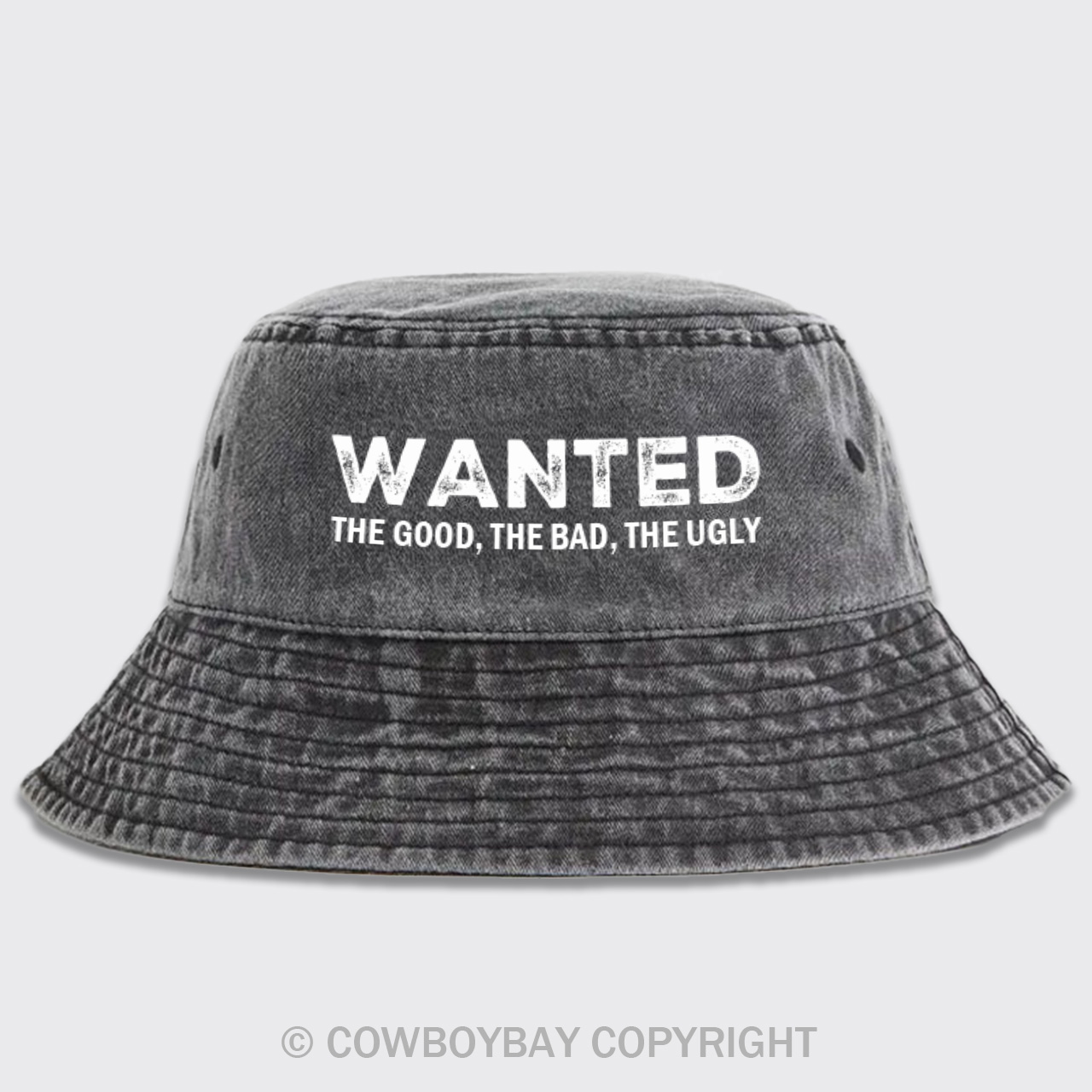Wanted The God,The Bad,The Ugly Bucket Hat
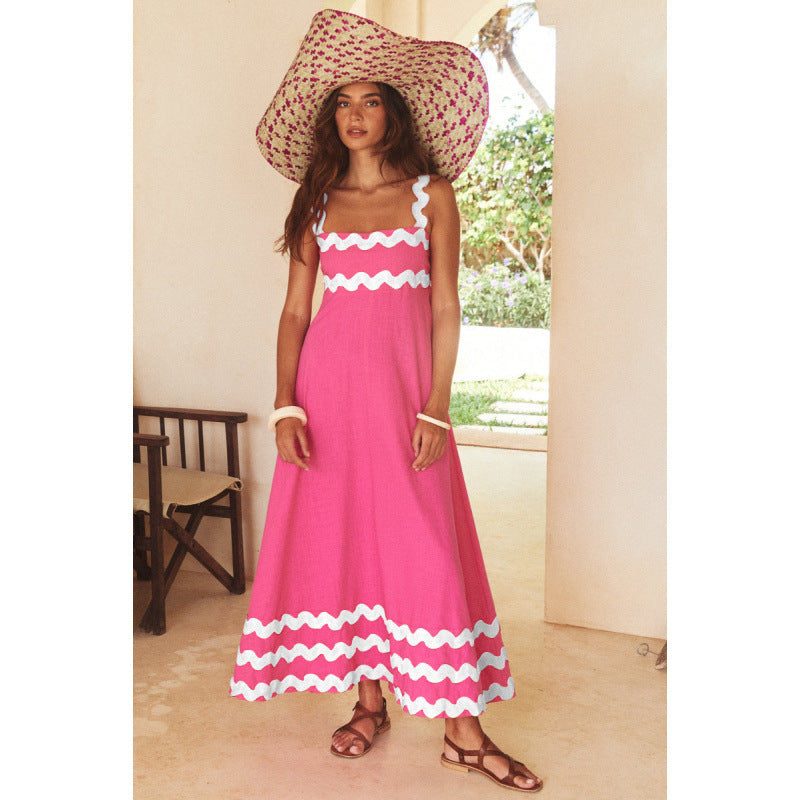 Jovie - Vestido suelto sin mangas con estampado floral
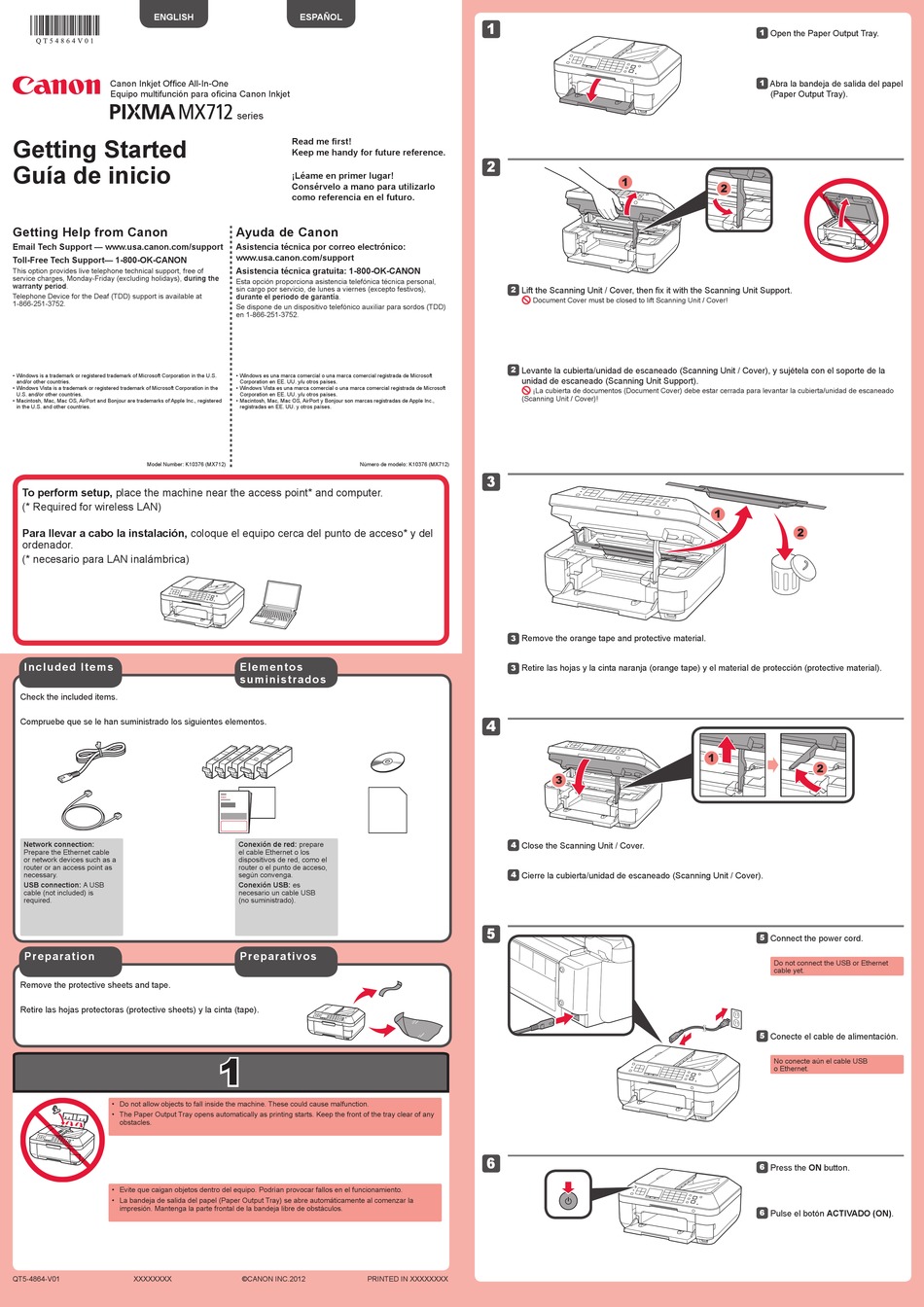 CANON PIXMA MX712 SERIES GETTING STARTED MANUAL Pdf Download | ManualsLib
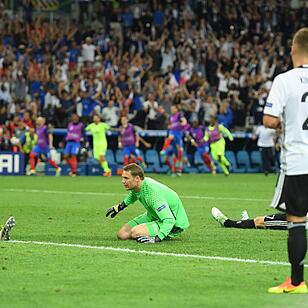 e bittere Niederlage der Deutschen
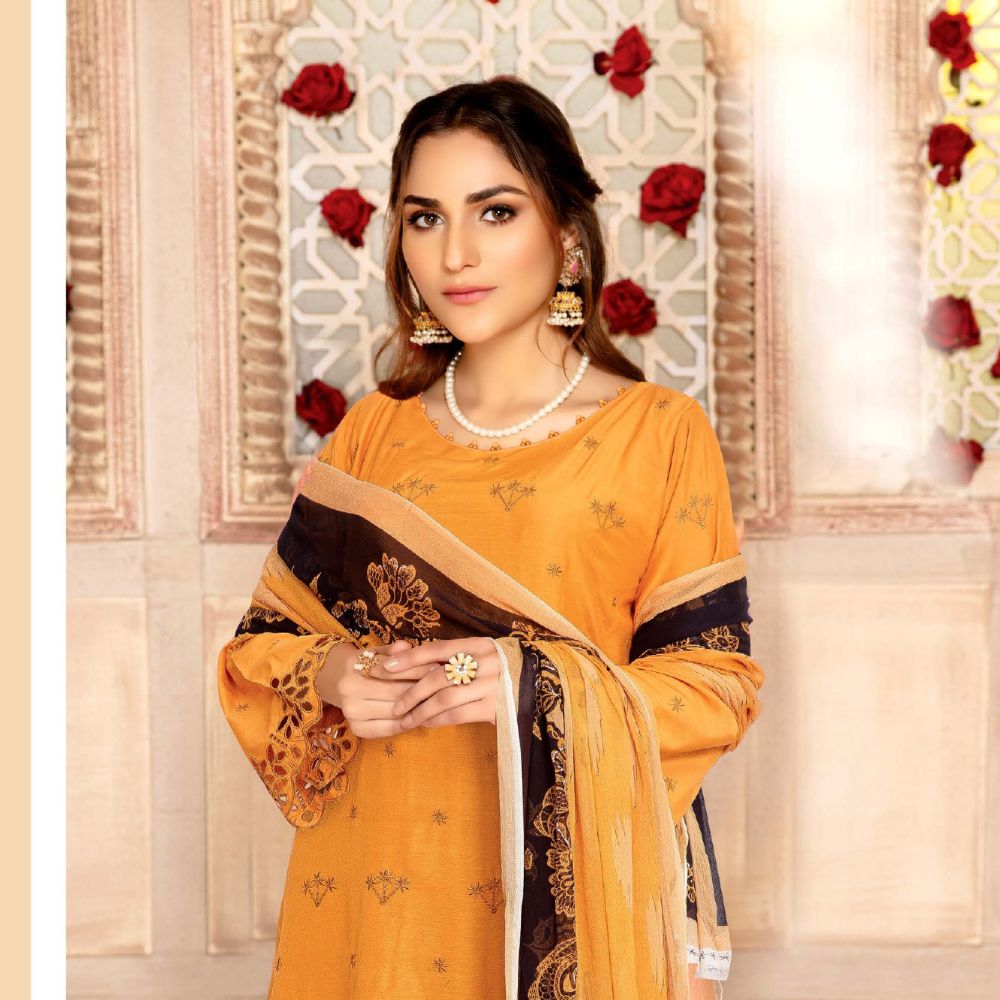 Chickenkari 3- Piece Unstitched Luxury Viscose D2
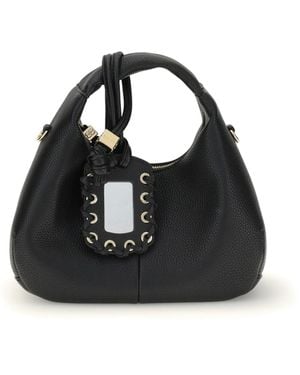 Ganni Hobo Mini Grained - Black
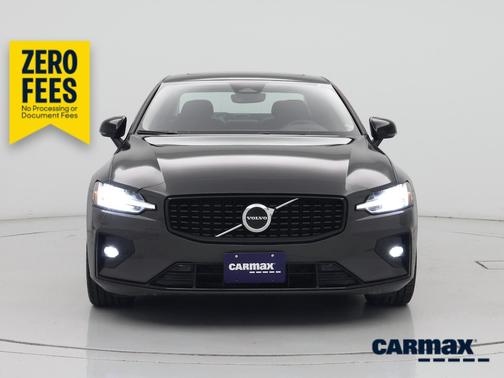 Gray 2023 Volvo S60 B5 Core Dark Theme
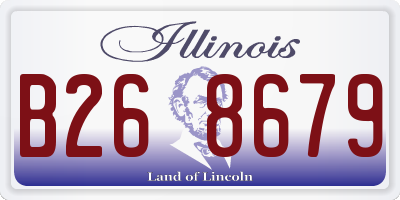 IL license plate B268679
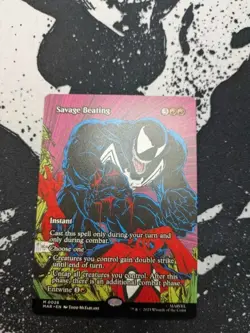 Marvel MTG Savage Beating (Amazing Spider-Man #316) 2025 Source Material - Image 1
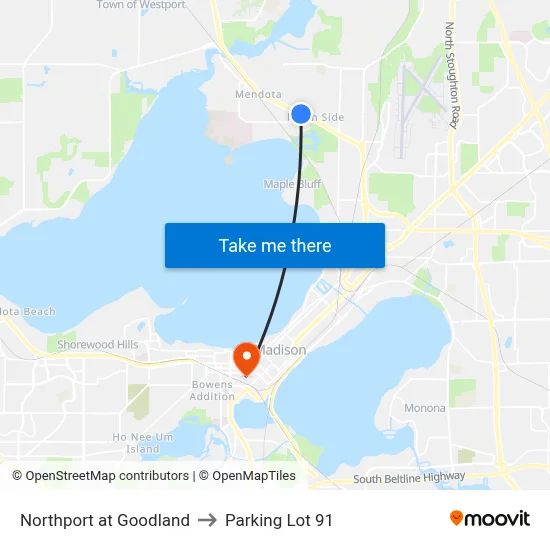 Northport at Goodland to Parking Lot 91 map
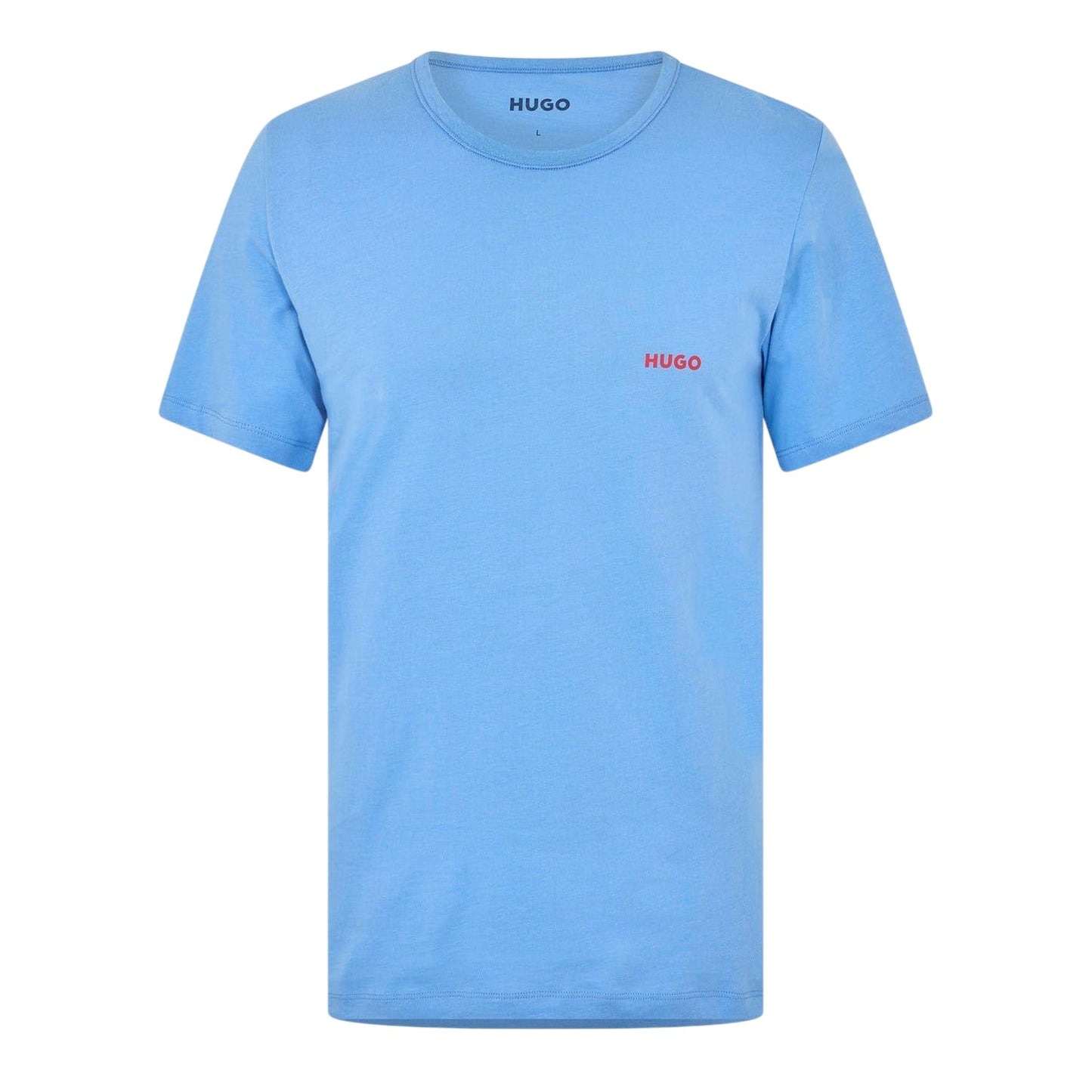 Blue - Front - Hugo Mens Plain Pyjama Top (Pack of 3)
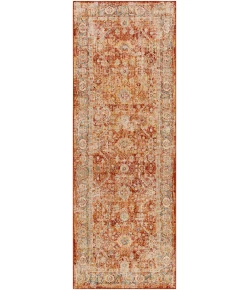 Livabliss Aspendos APS2316 Burgundy Brick Red Area Rug 2 ft. 7 in. X 10 ft. Runner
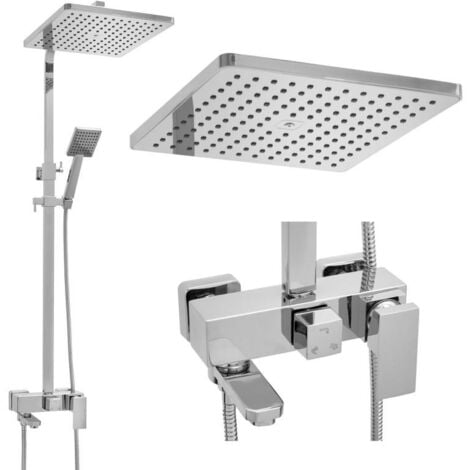 VIKING CHOICE Set doccia - con rubinetto vasca - doccetta - e soffione a pioggia 30cm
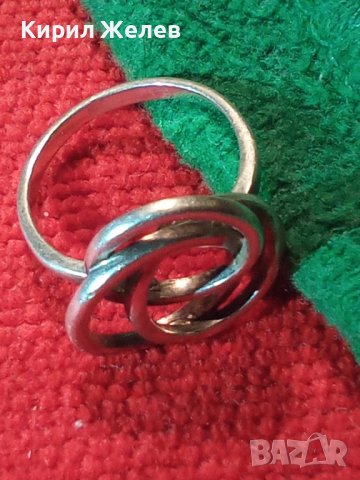 СТАР АЖУРЕН ДИЗАЙНЕРСКИ СРЕБЪРЕН ВИНТИДЖ ПРЪСТЕН ВИСОКА ПРОБА СРЕБРО 35244, снимка 3 - Пръстени - 39470795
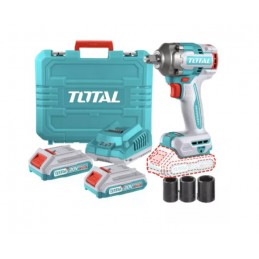 LLAVE DE IMPACTO INALAMBRICA 1/2 TOTAL 20V 400NM UTIWLI2040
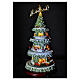 Choinka bożonarodzeniowa z muzyką, oświetlona, 45x25x25 cm s2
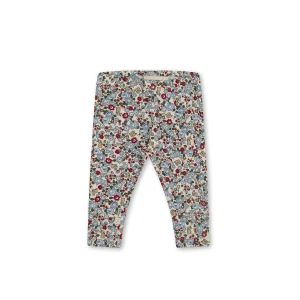 Legging coton bio | Elois - Flora bunnies rouge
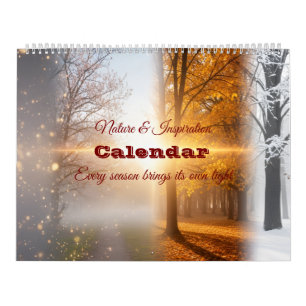 Jahreszeiten des Lichts – Natur & Inspiration 2025 Kalender
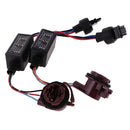 2x 3157-A LED Decoder Adapter Anti Hyper Flashing Warning Error Canceller Kit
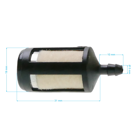 Filtr paliwa do pilarek, kos spalinowych i innego sprzętu ogrodniczego
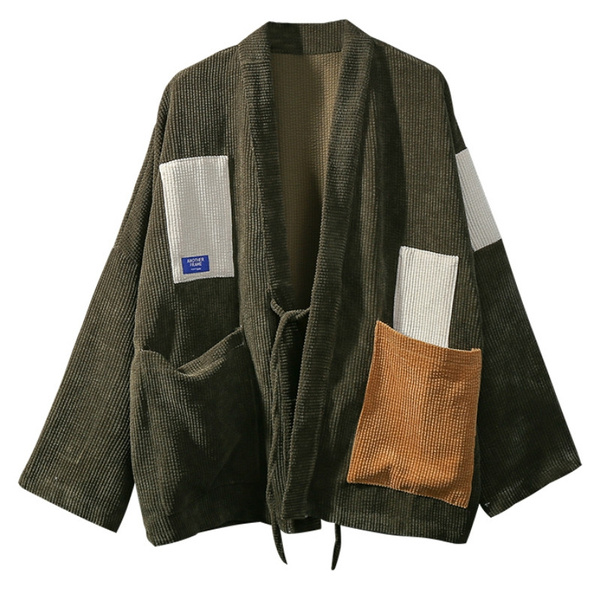 Mens kimono clearance coat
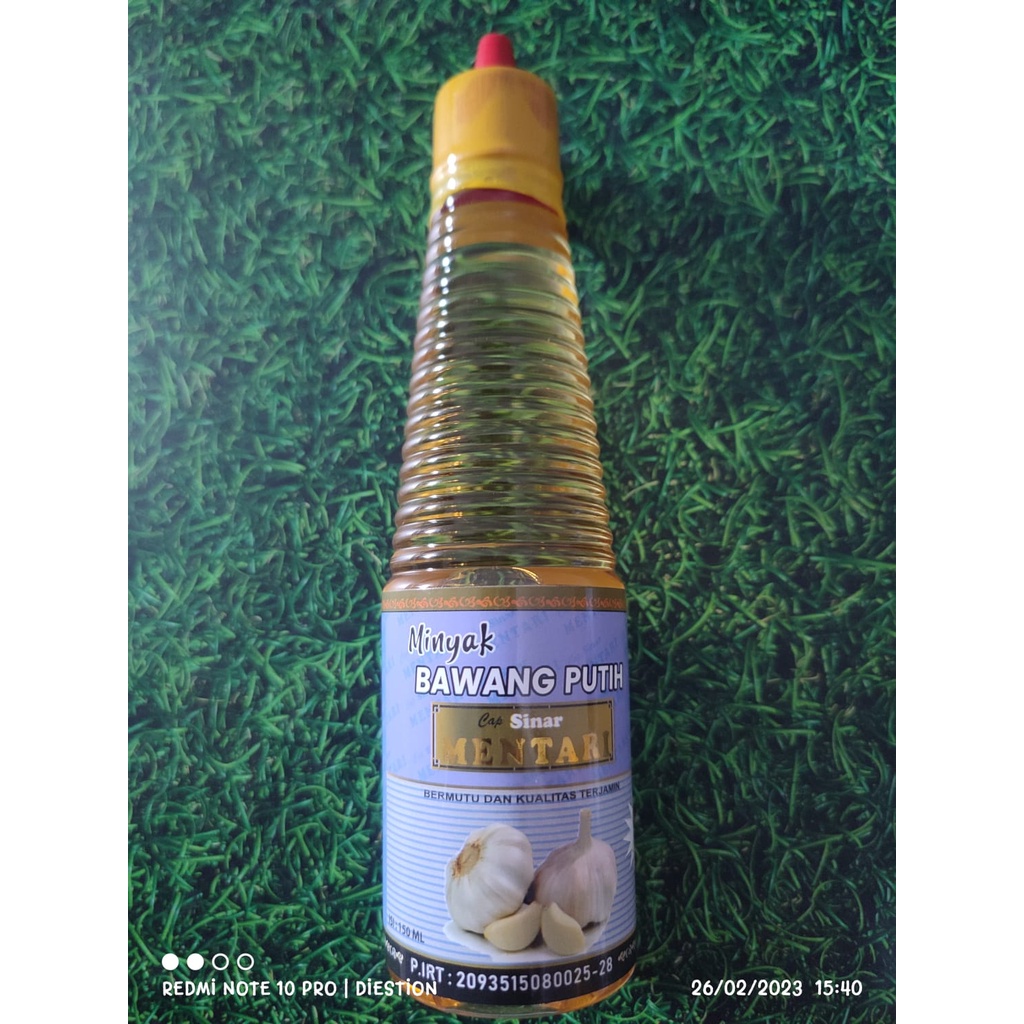 Minyak Bawang Putih Cap Sinar Mentari 150mL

########

TASK DIRECTIONS:
Retype the listing exactly and drop the pictures.

SOLUTION TO THE PROBLEM:
Wanted The God,The Bad,The Ugly Bucket Hat
 Jovie - Vestido suelto sin mangas con estampado floral
 CANON PIXMA MX712 SERIES GETTING STARTED MANUAL Pdf Download | ManualsLib
 e bittere Niederlage der Deutschen
 Chickenkari 3- Piece Unstitched Luxury Viscose D2
 Ganni Hobo Mini Grained - Black
 Gray 2023 Volvo S60 B5 Core Dark Theme
 IL license plate B268679
 Marvel MTG Savage Beating (Amazing Spider-Man #316) 2025 Source Material - Image 1
 Northport at Goodland to Parking Lot 91 map
 Blue - Front - Hugo Mens Plain Pyjama Top (Pack of 3)
 Livabliss Aspendos APS2316 Burgundy Brick Red Area Rug 2 ft. 7 in. X 10 ft. Runner
 VIKING CHOICE Set doccia - con rubinetto vasca - doccetta - e soffione a pioggia 30cm
 СТАР АЖУРЕН ДИЗАЙНЕРСКИ СРЕБЪРЕН ВИНТИДЖ ПРЪСТЕН ВИСОКА ПРОБА СРЕБРО 35244, снимка 3 - Пръстени - 39470795
 LLAVE DE IMPACTO INALAMBRICA 1/2 TOTAL 20V 400NM UTIWLI2040
 Choinka bożonarodzeniowa z muzyką, oświetlona, 45x25x25 cm s2
 Legging coton bio | Elois - Flora bunnies rouge
 Jahreszeiten des Lichts – Natur & Inspiration 2025 Kalender
 2x 3157-A LED Decoder Adapter Anti Hyper Flashing Warning Error Canceller Kit
 Filtr paliwa do pilarek, kos spalinowych i innego sprzętu ogrodniczego
 Mens kimono clearance coat
 Minyak Bawang Putih Cap Sinar Mentari 150mL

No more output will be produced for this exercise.